Work request >>
Please copy exactly the line that contains "Femme aux cheveux" and every line after it through the end of the records, leaving the pictures out.

Items from a data source
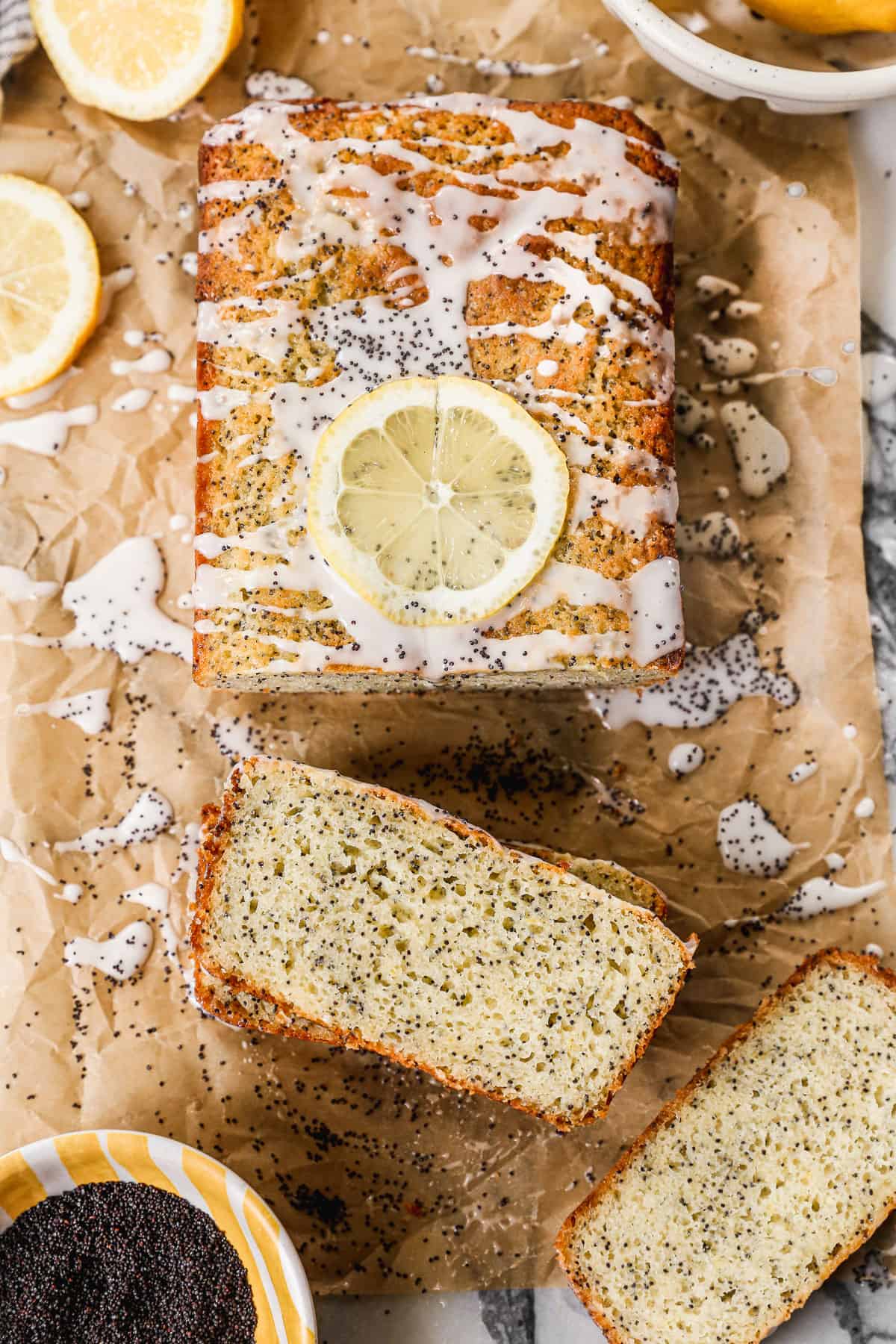 A loaf of homemade Lemon Poppy Seed Bread wiht lemon glaze and a slice of lemon on the top with a couple slices cut and ready to eat.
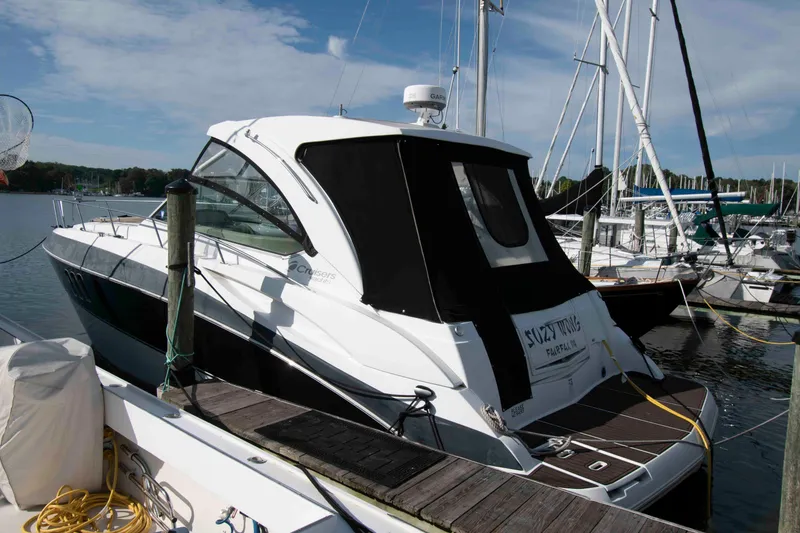 Slide: The Image of 2011 Cruisers Yachts 360 Express docked at a marina under a clear sky. - 1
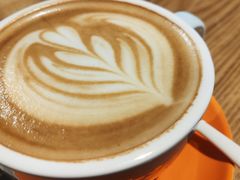 咖啡拿铁-百年朱苦拉咖啡(博物馆店)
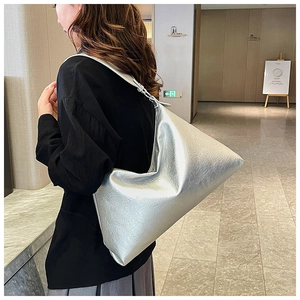 Silver metallic pleated faux leather hobo bag with wide shoulder strap on model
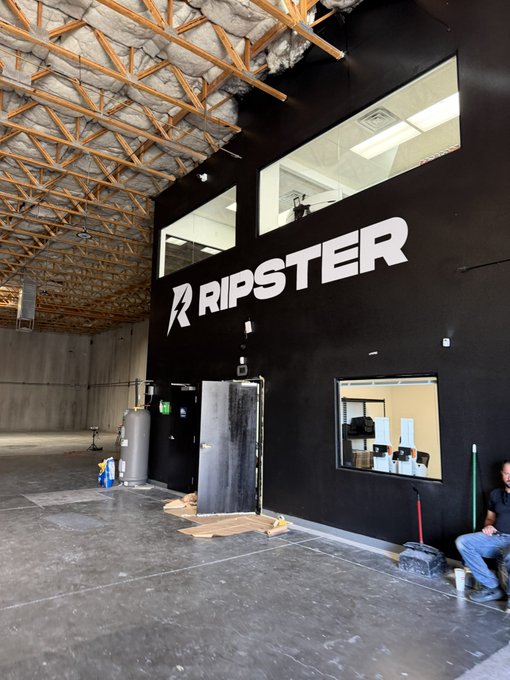 An interior shot of a building under construction showing the 'RIPSTER' logo in white on a black wall, with exposed wooden roof trusses and a worker sitting nearby.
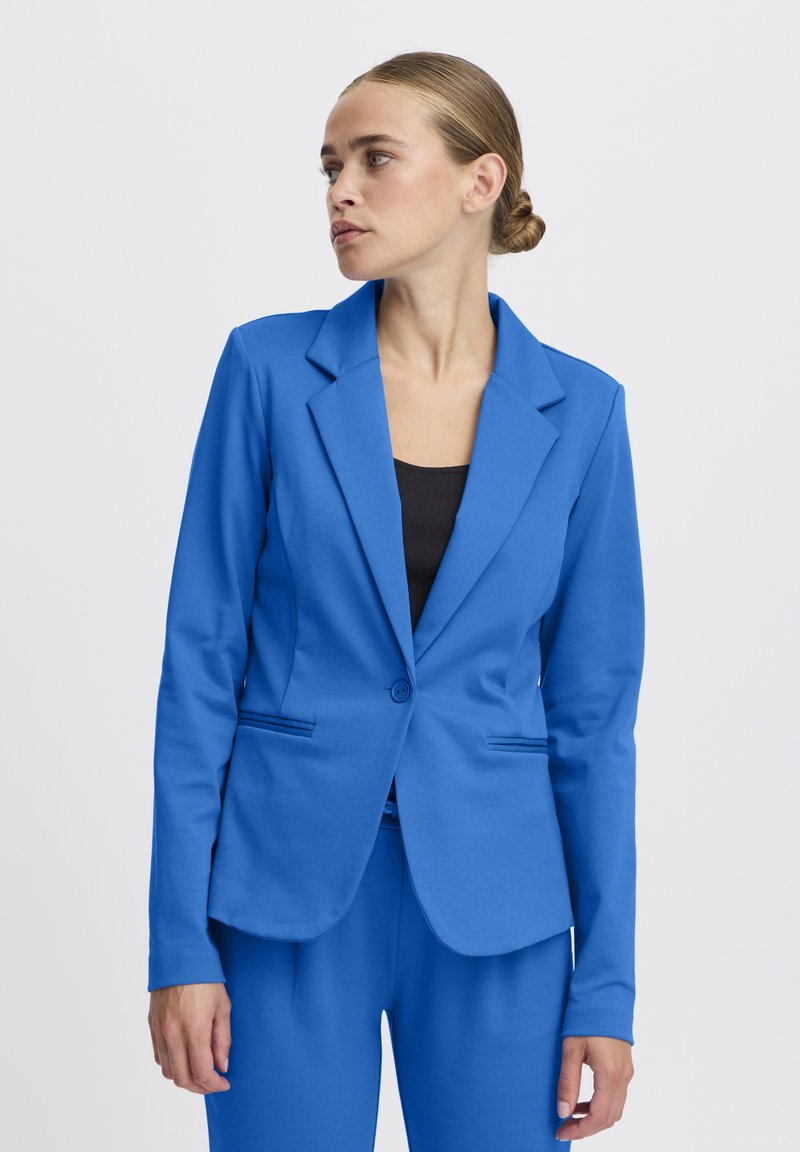 Femme aux cheveux blonds en chignon portant un blazer bleu ajusté et un pantalon assorti, regardant vers la gauche sur un fond uni.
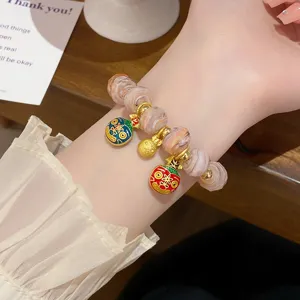 Detailed view of a sweet glass beaded bracelet with lucky beast charms on a delicate wrist.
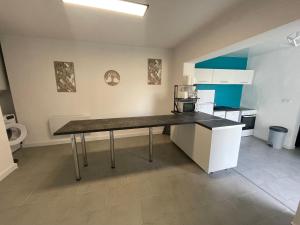 a kitchen with a counter top in a room at Les embruns IV in Saint-Jean-de-Monts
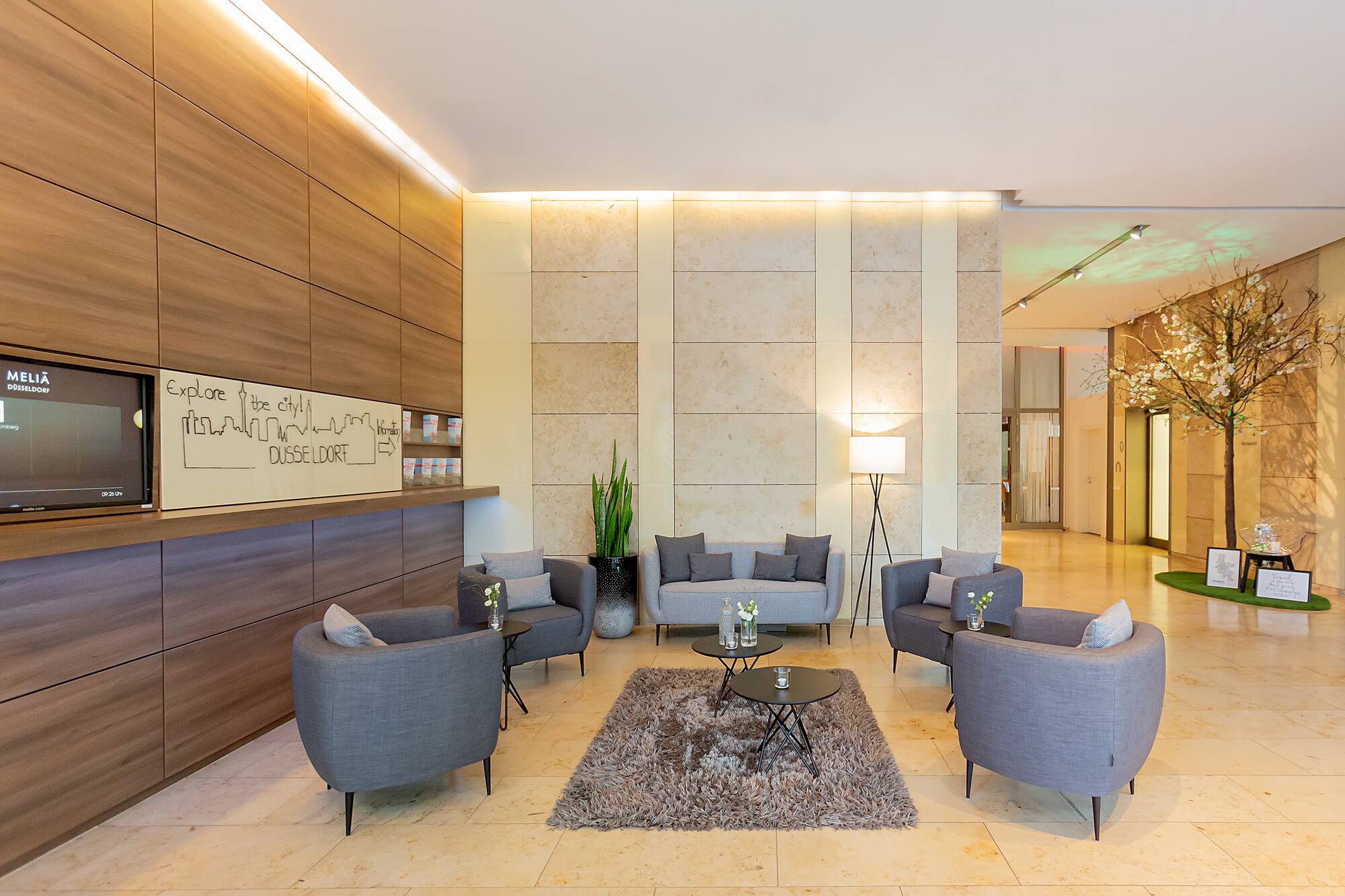 Meliá Düsseldorf hotel lobby with modern grey lounge seating, rug, and wood reception.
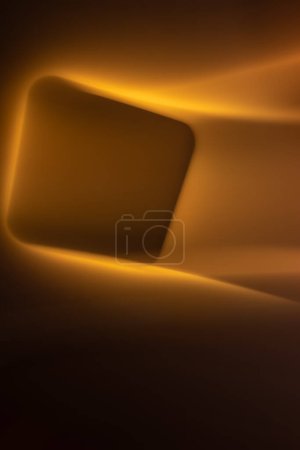 Photo for Abstract glowing square with smooth lines in yellow-orange colors on a black background. Vertical orientation, design element. Copy space - Royalty Free Image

Solution >>
 Femme aux cheveux blonds en chignon portant un blazer bleu ajusté et un pantalon assorti, regardant vers la gauche sur un fond uni.
 Detailed view of a sweet glass beaded bracelet with lucky beast charms on a delicate wrist.
 a kitchen with a counter top in a room at Les embruns IV in Saint-Jean-de-Monts
 Meliá Düsseldorf hotel lobby with modern grey lounge seating, rug, and wood reception.
 Photo for Abstract glowing square with smooth lines in yellow-orange colors on a black background. Vertical orientation, design element. Copy space - Royalty Free Image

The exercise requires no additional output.